2/9/2011 9:08:00 AM Together forever: Couples married in the '40s still going strong today
The Carters now.
The Carters then.
Clarice Keating Of the Catholic Sentinel
Love. It’s what keeps couples together – some longer than others. For a handful of husbands and wives in parishes across the state, that length of time spans many decades.
This year, Worldwide Marriage Encounter, a faith-based marriage enrichment program, has set out to recognize the longest married couple in the United States, as well as in each state.
Several months ago, the organization began soliciting nominations from across the country.
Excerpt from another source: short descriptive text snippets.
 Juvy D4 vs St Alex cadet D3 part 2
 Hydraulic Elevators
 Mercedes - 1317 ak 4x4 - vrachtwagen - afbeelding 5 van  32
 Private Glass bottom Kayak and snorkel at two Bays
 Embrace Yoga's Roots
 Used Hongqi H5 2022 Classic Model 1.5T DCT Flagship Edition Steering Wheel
Three couples featured here have been together for many years and share stories of their romantic early years and how they’ve fostered the love in their relationship.
Ed and Marion Carter
He was 24 and she was 19. Marion had a date to go to a dance with a friend, and he brought along his buddy. Instead of dancing with her date (Marion assures they were just friends) she spun around the floor to nearly every song with the friend of her date, Ed.
Three days later, they decided to get married. Their wedding day was Sept. 14, 1940. “I liked his kisses and his dancing,” Marion confessed.
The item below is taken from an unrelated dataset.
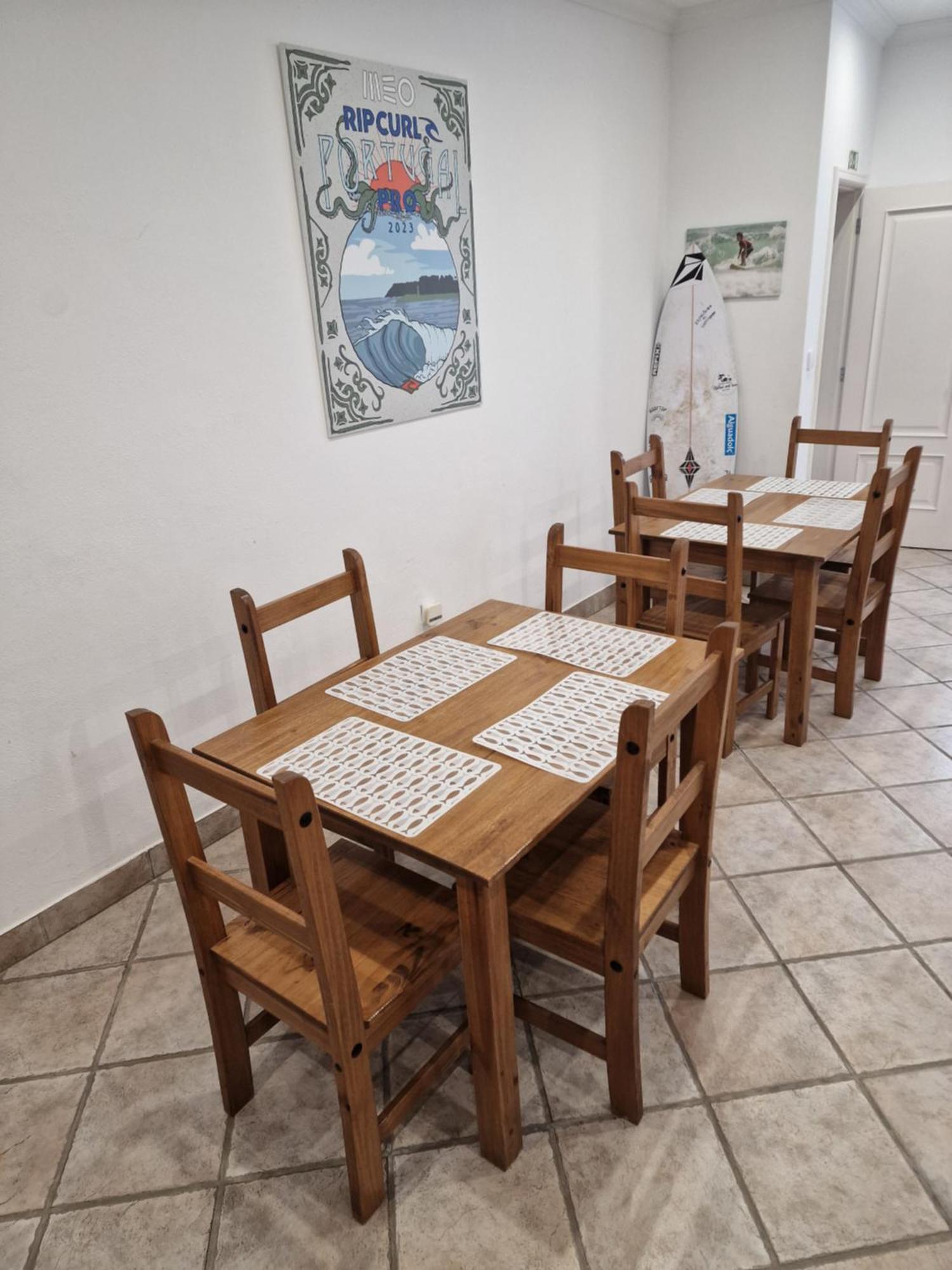 Wolley - Peniche Guesthouse Zewnętrze zdjęcie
They moved to Longview, then Sweet Home, and finally to Albany two decades ago. In the meantime, the couple raised seven children. They’re parishioners at St. Mary Church.
For their 70th anniversary, the Carters’ family rented them a limousine, which whisked them off to a dinner with all of their kids, grandchildren, great-grandchildren and even two great-great-grandchildren – 62 people all told. The family, en masse, sang a song called, “We are All Shaped by Your Love.”
In their later years, Ed and Marion took annual trips to Arizona in their motor home. “We had our ups and downs,” Marion said. “But one or the other always said ‘I’m sorry.’”
Robert and Jeanne Shoemaker
Growing up, it seemed like Robert had always been there.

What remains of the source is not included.